Unfortunately for readers with empty stomachs, she’s also well versed in French pastry. Whitney concocts a delectable buffet of apricot tart, cinnamon rugelach, five-berry crumble, macarons, and île flottante (meringue afloat in a sea of caramel custard).
I was pleased that the litany of art references never felt like name-dropping. Julien and Clio interact with Manet’s "Olympia," Van Gogh’s "Portrait of Dr. Gachet" and "Starry Night" (naturally), Toulouse-Lautrec’s "Dancing at the Moulin Rouge," and more. We hear of Renoir’s "The Swing and Dance" at Bougival, Monet’s Rouen cathedrals and Japanese bridges. They wander through Turner, Goya, Morisot, and Jackson Pollock. Julien even stops by Edward Hopper’s "Nighthawks" for a milkshake.

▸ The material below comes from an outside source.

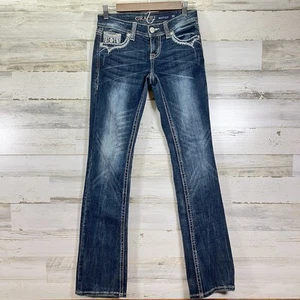 Grace in LA Damen blau bestickt Strass Western Bootcut Jeans Größe 25 - Bild 1 von 9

Whitney has a wicked sense of humor – she decides that Pollock was painting expired food in his refrigerator and that the Mona Lisa is smirking at a dirty joke. Just be willing to take her portrayal of Renoir with a grain of salt. Fans might rankle at the concept of a jealous elitist who returns as a body-possessing ghost.
Given the pastry parade, I found myself likening the book to a tray of profiteroles. It was beautiful, sweet, a bit fluffy, and irresistible to devotees, but with some unexpected hollow spots. The Parisian teens use a jarring amount of American slang: "mad skills," "hits the spot," "really dig," "goes out on a limb," using “she was all like” instead of “she said.” Julien even orders French fries, which in France, of course, are just "frites" or "pommes frites" (fried potatoes). I love to immerse myself in a novel’s culture and this proved an annoying distraction.

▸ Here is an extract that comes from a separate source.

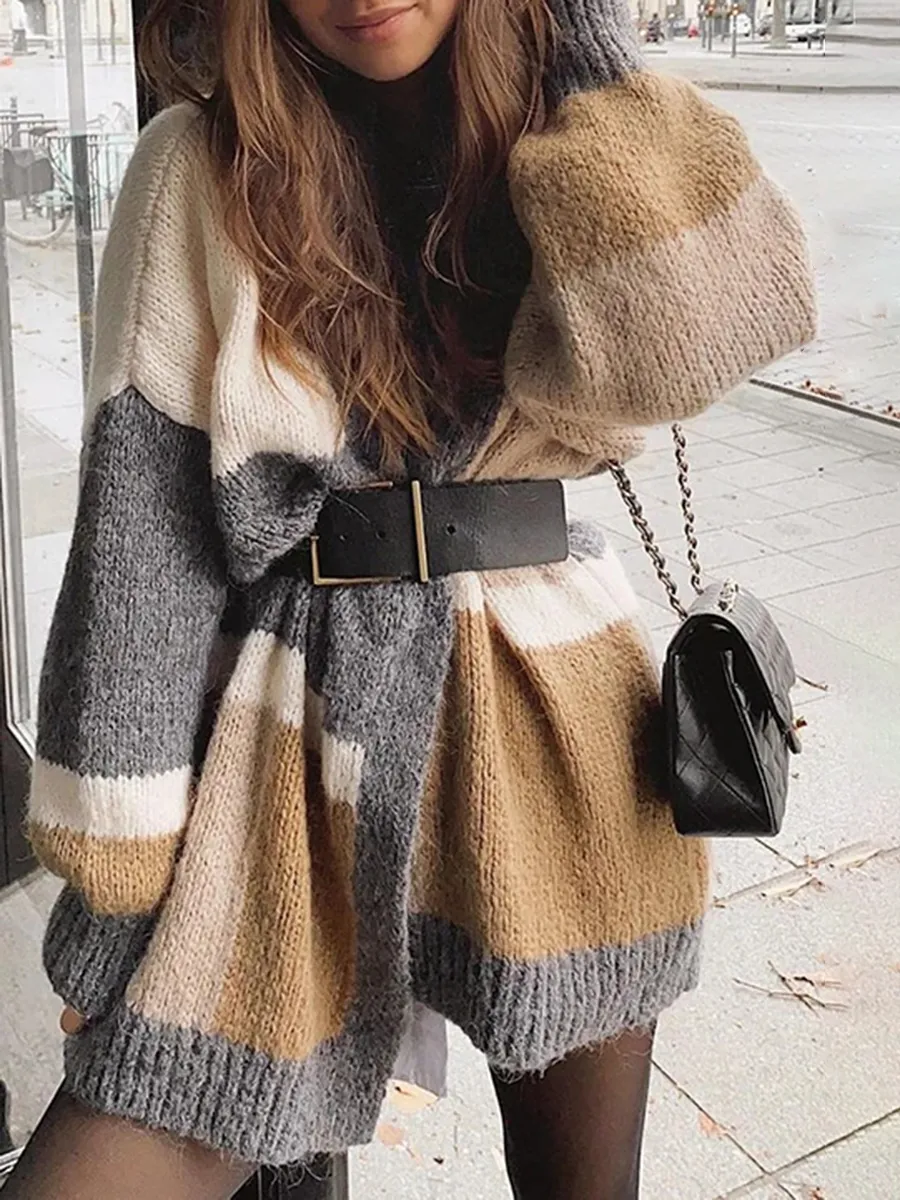 Autumn And Winter Fashion Women'S Color Matching Sweater Coat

In addition, Clio behaves anachronistically for a 19th-century girl, kissing Julien, using air quotes, and knowing what “clubbing” is without needing to ask. Yet Whitney tries to emphasize that their “cultural touchstones” are different, giving Clio a blank look when Julien mentions Spider-Man. It’s another weak point in an otherwise charming novel.
If you appreciate art history, Paris, or French pastry (and is there really anyone who doesn't?), you’ll enjoy "Starry Nights." Turn on some Eartha Kitt, keep an art history book close by, and read with a warm chocolate croissant.